Rather than directly calculating the probability of at least two of the numbers drawn out being equal, we can calculate the probability of its complementary event happening. In a sample space $S$ , the complementary event of an event $E$ (denoted by $E'$ ) is the set of possible outcomes in $S$ that are not in $E$ . In other words, the complementary event of $E$ is the set of events of $E$ not occurring.

$E$ and $E'$ are related by $1 - P(E) = P(E')$ . (Recall: $P(E) = \frac {n(E)}{n(S)}$ , where $n(S)$ is the total number of possible outcomes in sample space $S$ , and $n(E)$ is the number of outcomes in $S$ for $E$ to occur.)

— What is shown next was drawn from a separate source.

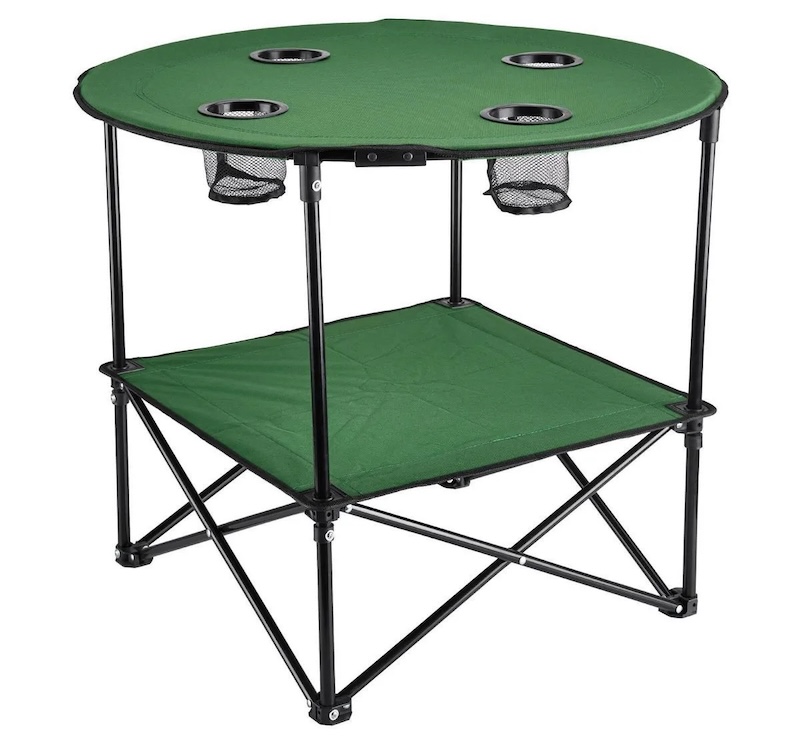 Foldable Camping Table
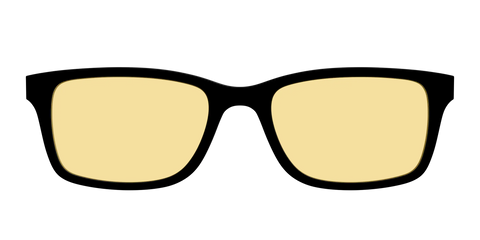 The Black with Driving Lens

In this scenario, let the event of at least two of the numbers drawn out being equal be $X$ . $X'$ would then be the event of all numbers drawn out being different . Let us proceed to calculate $P(X')$ now.

In order to calculate $P(X')$ , we use the multiplication rule of probability. For independent events $E_1, E_2, E_3, \ldots E_n$ , the probability of all events $E_1, E_2, E_3, \ldots E_n$ occurring (or $P(E_1\cap E_2 \cap E_3 \cap \ldots \cap E_n)$ ) can be found by $P(E_1) \times P(E_2) \times P(E_3) \times \ldots \times P(E_n)$ . The event of John drawing out each ball can be considered as independent of the rest, since John replaces the ball after taking it out. So the result of any trial would not affect the other results. To ensure that all the numbers on the four balls are different from each other, whenever each ball is drawn, we need to check that the number on the ball is different from the numbers on the other balls.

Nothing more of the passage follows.